### Problem to work on
Set out word for word the line that contains "Colourful Summer Seamless" and each line after it, through the end of the data below, but exclude the pictures.

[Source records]
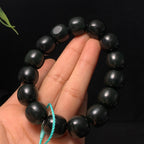 和田籽料黑青老型珠手串（72.4g）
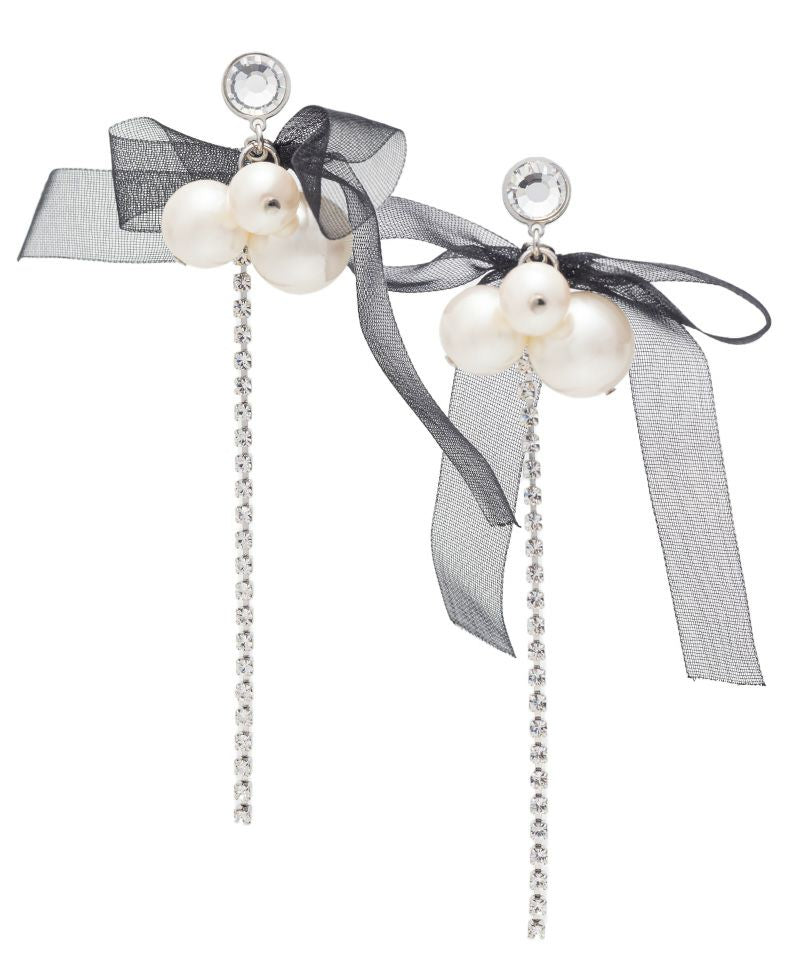 シフォンリボン×パールチェーン -シルバーブラック- ※4/9~15迄に順次発送予定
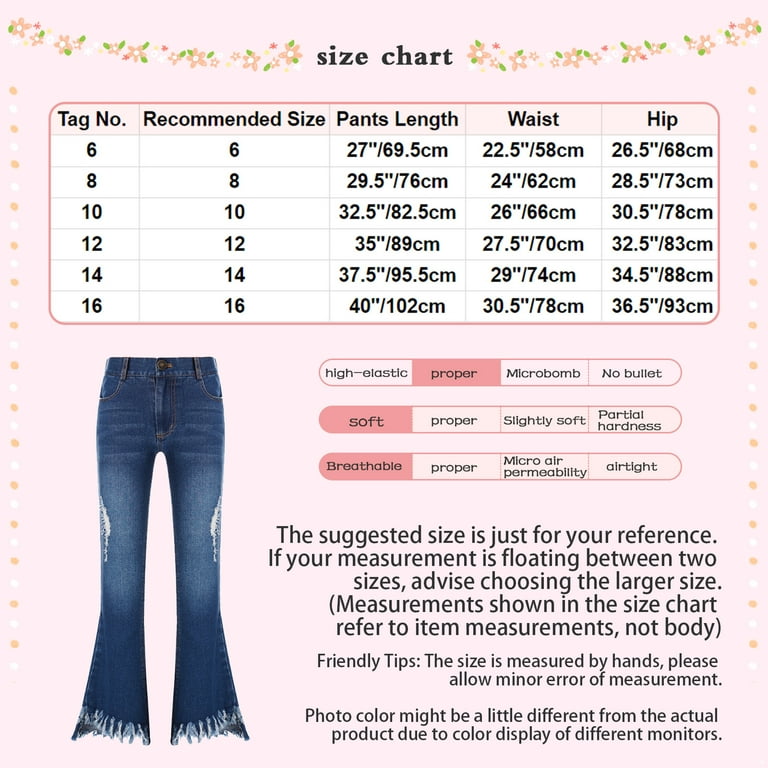 Aislor Girls Distressed Jeans Flared Jeggings Kids Ruffle Denim Pants  Stretchy Bell Bottoms Casual Trousers A Light Blue 16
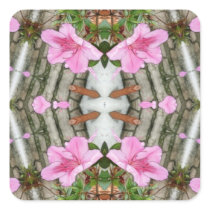 Pink Azaleas 1E kaleidoscope 5 Stickers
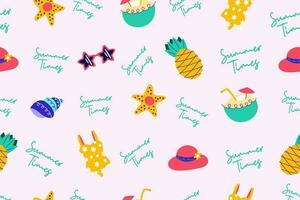 Colourful Summer Seamless Pattern beauty background wallpaper for summertime textile, wraping paper or graphic print vector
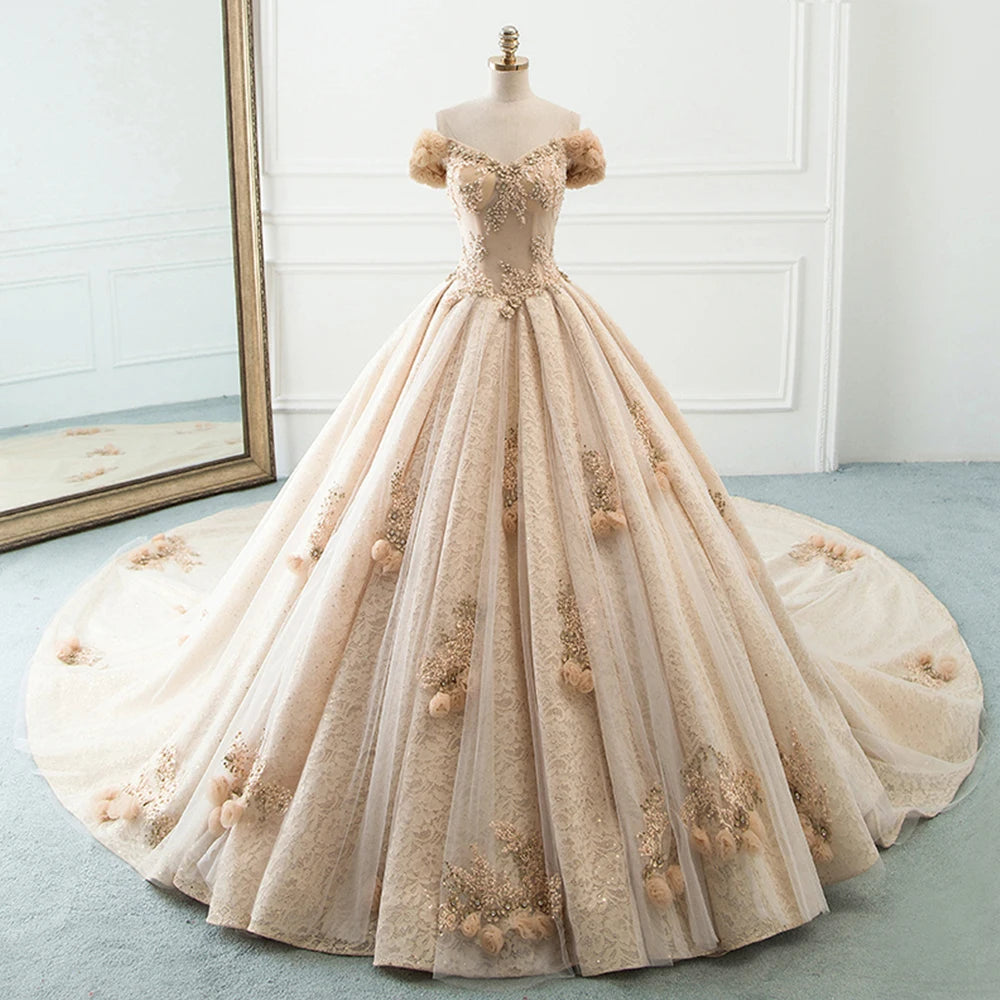 Luxury Handmade Tulle Ball Gown A-Line Wedding Dress with Floral Appliques - Perfect for Bridal, Prom, and Formal Occasions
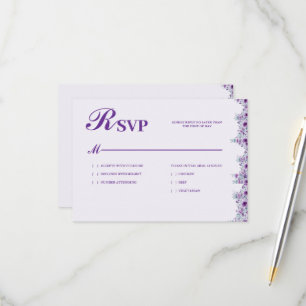 Cartão RSVP Flor púrpura elegante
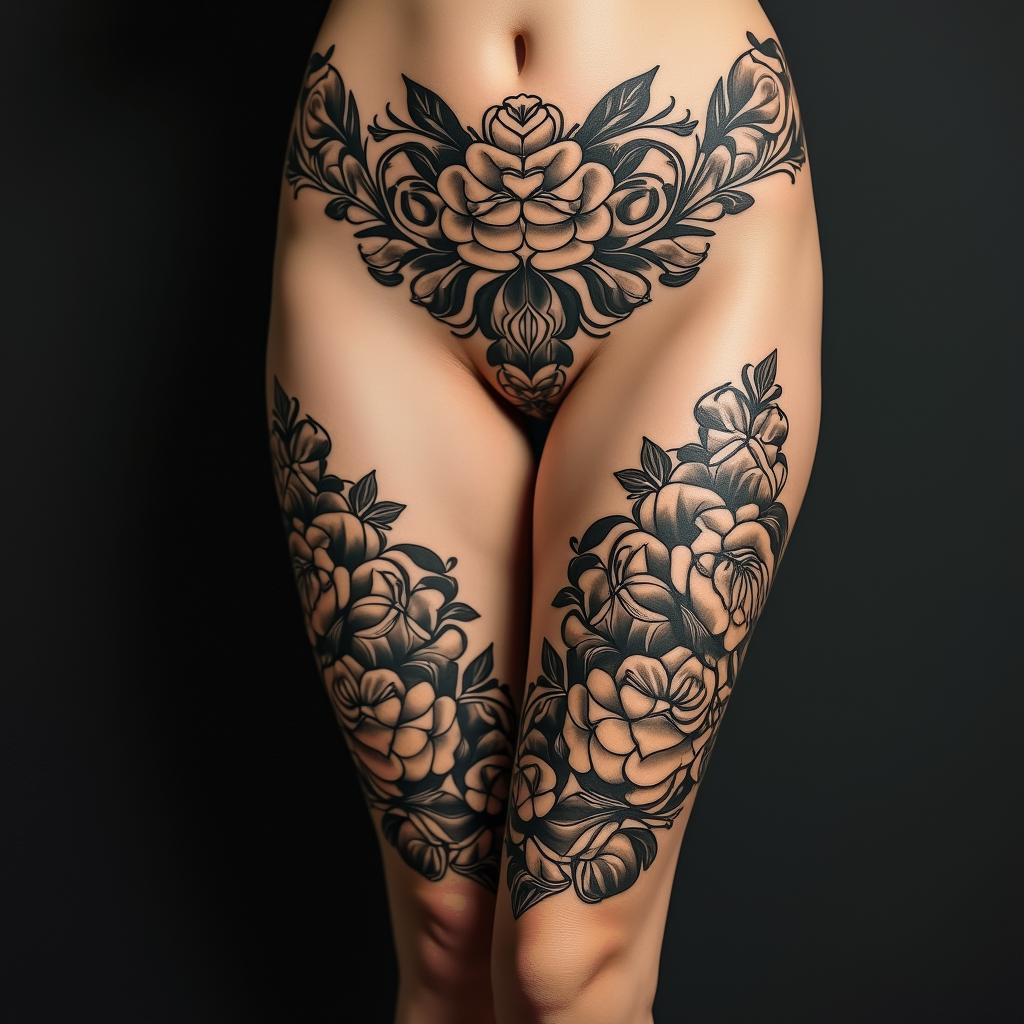 I miss him and I love my two daughters dental assistantin victorian style tattoo, featuring vintage and elegant elements, ornate frames, roses, antique, sepia-toned color scheme - Variation 3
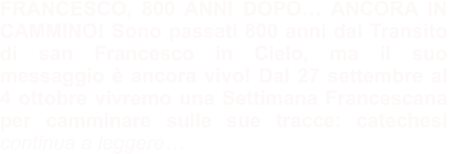 FRANCESCO, 800 ANNI DOPO… ANCORA IN CAMMINO! Sono passati 800 anni dal Transito di san Francesco in Cielo, ma il suo messaggio è ancora vivo! Dal 27 settembre al 4 ottobre vivremo una Settimana Francescana per camminare sulle sue tracce: catechesi   continua a leggere…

### Task result
 Colourful Summer Seamless Pattern beauty background wallpaper for summertime textile, wraping paper or graphic print vector
 Luxury Handmade Tulle Ball Gown A-Line Wedding Dress with Floral Appliques - Perfect for Bridal, Prom, and Formal Occasions
 Cartão RSVP Flor púrpura elegante
 I miss him and I love my two daughters dental assistantin victorian style tattoo, featuring vintage and elegant elements, ornate frames, roses, antique, sepia-toned color scheme - Variation 3
 FRANCESCO, 800 ANNI DOPO… ANCORA IN CAMMINO! Sono passati 800 anni dal Transito di san Francesco in Cielo, ma il suo messaggio è ancora vivo! Dal 27 settembre al 4 ottobre vivremo una Settimana Francescana per camminare sulle sue tracce: catechesi   continua a leggere…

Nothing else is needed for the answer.